ACTIVITY: Beneath this task are records; print exactly the stretch of them from the line with "Hodler – Crypto Portfolio应用截图第4张" through the line with "Standard Tek Büyük veya İki Ayrı Yataklı Oda", both ends included.
** Opening RECORD EXTRACTS block **
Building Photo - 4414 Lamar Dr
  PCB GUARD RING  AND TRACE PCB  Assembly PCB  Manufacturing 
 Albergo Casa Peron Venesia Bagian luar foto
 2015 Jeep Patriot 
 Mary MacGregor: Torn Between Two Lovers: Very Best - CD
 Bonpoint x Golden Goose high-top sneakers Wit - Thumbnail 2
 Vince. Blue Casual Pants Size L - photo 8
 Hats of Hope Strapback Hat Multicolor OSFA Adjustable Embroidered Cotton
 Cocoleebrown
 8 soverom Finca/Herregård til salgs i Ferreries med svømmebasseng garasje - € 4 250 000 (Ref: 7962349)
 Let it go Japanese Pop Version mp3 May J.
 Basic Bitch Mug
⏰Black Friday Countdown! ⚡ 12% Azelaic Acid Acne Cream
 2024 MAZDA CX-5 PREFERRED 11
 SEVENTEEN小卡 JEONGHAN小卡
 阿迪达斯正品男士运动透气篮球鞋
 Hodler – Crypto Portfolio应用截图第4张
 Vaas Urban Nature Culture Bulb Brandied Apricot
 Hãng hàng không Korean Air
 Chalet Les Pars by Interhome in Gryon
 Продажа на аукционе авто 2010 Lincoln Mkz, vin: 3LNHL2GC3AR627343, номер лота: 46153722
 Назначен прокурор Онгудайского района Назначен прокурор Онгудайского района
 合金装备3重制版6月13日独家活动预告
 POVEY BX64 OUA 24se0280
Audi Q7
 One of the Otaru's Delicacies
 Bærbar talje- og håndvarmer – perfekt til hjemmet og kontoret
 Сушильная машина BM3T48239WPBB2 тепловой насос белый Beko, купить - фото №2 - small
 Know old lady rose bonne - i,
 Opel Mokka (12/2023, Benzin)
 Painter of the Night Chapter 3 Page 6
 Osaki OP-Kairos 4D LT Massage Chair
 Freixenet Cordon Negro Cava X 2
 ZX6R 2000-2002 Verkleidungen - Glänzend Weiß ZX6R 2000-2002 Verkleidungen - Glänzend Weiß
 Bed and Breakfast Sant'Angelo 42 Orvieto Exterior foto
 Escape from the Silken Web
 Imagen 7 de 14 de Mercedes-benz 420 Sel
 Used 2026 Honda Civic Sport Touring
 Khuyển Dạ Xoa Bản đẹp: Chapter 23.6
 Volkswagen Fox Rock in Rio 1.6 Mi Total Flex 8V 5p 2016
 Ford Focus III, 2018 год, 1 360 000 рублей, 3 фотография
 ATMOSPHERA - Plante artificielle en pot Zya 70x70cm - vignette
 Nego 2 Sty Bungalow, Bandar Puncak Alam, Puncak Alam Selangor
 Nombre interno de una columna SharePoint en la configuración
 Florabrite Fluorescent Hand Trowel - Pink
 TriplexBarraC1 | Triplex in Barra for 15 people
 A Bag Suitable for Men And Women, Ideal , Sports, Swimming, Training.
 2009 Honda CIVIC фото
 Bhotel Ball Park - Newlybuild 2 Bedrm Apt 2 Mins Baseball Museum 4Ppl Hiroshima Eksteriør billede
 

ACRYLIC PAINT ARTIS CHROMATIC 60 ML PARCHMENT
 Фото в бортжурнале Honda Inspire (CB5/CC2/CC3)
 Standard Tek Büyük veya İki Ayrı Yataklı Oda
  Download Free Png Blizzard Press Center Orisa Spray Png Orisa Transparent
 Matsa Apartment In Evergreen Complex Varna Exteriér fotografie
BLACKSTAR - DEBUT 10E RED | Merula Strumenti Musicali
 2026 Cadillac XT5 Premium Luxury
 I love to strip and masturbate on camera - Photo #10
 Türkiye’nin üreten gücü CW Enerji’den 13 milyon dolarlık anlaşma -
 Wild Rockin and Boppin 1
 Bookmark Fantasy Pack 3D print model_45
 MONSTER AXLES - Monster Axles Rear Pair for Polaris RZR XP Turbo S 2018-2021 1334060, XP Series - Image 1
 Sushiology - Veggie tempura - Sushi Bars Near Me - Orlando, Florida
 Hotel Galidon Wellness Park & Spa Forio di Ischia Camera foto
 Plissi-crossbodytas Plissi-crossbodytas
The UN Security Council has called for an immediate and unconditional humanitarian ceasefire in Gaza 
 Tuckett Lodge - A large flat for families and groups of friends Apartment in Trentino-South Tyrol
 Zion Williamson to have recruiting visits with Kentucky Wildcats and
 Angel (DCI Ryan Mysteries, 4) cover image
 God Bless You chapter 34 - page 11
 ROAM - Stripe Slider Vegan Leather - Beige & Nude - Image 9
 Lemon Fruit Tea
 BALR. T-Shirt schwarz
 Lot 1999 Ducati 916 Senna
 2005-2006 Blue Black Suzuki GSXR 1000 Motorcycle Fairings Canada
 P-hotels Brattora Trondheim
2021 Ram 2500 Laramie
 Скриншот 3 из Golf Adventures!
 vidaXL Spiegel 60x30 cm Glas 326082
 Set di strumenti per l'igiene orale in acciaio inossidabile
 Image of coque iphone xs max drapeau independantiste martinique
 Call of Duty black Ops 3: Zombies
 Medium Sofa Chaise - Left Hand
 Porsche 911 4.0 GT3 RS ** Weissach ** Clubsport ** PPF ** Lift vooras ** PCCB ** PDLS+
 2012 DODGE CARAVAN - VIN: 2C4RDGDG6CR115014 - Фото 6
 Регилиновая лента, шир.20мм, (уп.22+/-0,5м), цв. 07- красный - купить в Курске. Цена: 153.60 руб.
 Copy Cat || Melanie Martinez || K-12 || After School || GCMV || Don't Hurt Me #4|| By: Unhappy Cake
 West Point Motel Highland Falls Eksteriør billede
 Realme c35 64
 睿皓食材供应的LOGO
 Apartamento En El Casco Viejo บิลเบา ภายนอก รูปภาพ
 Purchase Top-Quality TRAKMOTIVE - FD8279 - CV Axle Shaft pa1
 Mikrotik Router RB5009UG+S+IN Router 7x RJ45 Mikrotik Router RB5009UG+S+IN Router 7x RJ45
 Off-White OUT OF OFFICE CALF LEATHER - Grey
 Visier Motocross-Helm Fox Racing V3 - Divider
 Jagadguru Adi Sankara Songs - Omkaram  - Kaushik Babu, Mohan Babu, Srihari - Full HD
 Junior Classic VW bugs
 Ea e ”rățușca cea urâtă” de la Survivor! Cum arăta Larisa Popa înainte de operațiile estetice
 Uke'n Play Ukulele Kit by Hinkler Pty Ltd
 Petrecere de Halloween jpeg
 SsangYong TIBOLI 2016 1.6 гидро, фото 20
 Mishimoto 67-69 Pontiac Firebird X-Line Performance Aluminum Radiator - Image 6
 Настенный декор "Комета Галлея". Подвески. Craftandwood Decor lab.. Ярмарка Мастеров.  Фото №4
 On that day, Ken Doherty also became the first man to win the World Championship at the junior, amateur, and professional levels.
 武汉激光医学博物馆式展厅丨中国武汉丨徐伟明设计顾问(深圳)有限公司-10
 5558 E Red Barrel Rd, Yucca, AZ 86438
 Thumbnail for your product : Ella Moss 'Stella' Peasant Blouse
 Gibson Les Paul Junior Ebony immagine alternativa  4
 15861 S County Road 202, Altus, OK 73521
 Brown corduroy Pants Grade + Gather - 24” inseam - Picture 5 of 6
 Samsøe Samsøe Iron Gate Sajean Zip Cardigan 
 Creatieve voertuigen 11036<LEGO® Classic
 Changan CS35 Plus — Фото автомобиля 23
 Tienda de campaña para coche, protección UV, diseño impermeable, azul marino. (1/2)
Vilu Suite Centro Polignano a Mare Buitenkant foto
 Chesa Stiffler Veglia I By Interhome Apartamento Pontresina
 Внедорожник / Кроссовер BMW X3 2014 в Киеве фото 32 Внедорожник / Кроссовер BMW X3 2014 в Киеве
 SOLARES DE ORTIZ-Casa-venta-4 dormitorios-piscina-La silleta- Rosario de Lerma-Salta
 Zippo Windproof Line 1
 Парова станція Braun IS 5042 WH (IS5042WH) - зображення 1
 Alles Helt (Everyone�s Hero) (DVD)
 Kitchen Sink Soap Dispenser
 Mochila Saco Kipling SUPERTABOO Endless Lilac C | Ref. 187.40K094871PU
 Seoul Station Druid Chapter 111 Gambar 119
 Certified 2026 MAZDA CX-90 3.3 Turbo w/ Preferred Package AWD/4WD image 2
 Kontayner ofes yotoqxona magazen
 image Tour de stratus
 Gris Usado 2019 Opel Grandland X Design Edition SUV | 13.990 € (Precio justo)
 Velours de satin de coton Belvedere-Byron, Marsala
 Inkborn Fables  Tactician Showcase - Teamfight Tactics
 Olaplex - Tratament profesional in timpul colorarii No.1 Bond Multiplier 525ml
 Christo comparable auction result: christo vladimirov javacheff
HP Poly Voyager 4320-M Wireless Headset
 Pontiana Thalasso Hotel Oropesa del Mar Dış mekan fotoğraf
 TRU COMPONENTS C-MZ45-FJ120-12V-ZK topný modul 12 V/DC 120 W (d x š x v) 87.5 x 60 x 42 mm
** Closing RECORD EXTRACTS block **
ANSWER TO THE PROBLEM:
 Hodler – Crypto Portfolio应用截图第4张
 Vaas Urban Nature Culture Bulb Brandied Apricot
 Hãng hàng không Korean Air
 Chalet Les Pars by Interhome in Gryon
 Продажа на аукционе авто 2010 Lincoln Mkz, vin: 3LNHL2GC3AR627343, номер лота: 46153722
 Назначен прокурор Онгудайского района Назначен прокурор Онгудайского района
 合金装备3重制版6月13日独家活动预告
 POVEY BX64 OUA 24se0280
Audi Q7
 One of the Otaru's Delicacies
 Bærbar talje- og håndvarmer – perfekt til hjemmet og kontoret
 Сушильная машина BM3T48239WPBB2 тепловой насос белый Beko, купить - фото №2 - small
 Know old lady rose bonne - i,
 Opel Mokka (12/2023, Benzin)
 Painter of the Night Chapter 3 Page 6
 Osaki OP-Kairos 4D LT Massage Chair
 Freixenet Cordon Negro Cava X 2
 ZX6R 2000-2002 Verkleidungen - Glänzend Weiß ZX6R 2000-2002 Verkleidungen - Glänzend Weiß
 Bed and Breakfast Sant'Angelo 42 Orvieto Exterior foto
 Escape from the Silken Web
 Imagen 7 de 14 de Mercedes-benz 420 Sel
 Used 2026 Honda Civic Sport Touring
 Khuyển Dạ Xoa Bản đẹp: Chapter 23.6
 Volkswagen Fox Rock in Rio 1.6 Mi Total Flex 8V 5p 2016
 Ford Focus III, 2018 год, 1 360 000 рублей, 3 фотография
 ATMOSPHERA - Plante artificielle en pot Zya 70x70cm - vignette
 Nego 2 Sty Bungalow, Bandar Puncak Alam, Puncak Alam Selangor
 Nombre interno de una columna SharePoint en la configuración
 Florabrite Fluorescent Hand Trowel - Pink
 TriplexBarraC1 | Triplex in Barra for 15 people
 A Bag Suitable for Men And Women, Ideal , Sports, Swimming, Training.
 2009 Honda CIVIC фото
 Bhotel Ball Park - Newlybuild 2 Bedrm Apt 2 Mins Baseball Museum 4Ppl Hiroshima Eksteriør billede
 

ACRYLIC PAINT ARTIS CHROMATIC 60 ML PARCHMENT
 Фото в бортжурнале Honda Inspire (CB5/CC2/CC3)
 Standard Tek Büyük veya İki Ayrı Yataklı Oda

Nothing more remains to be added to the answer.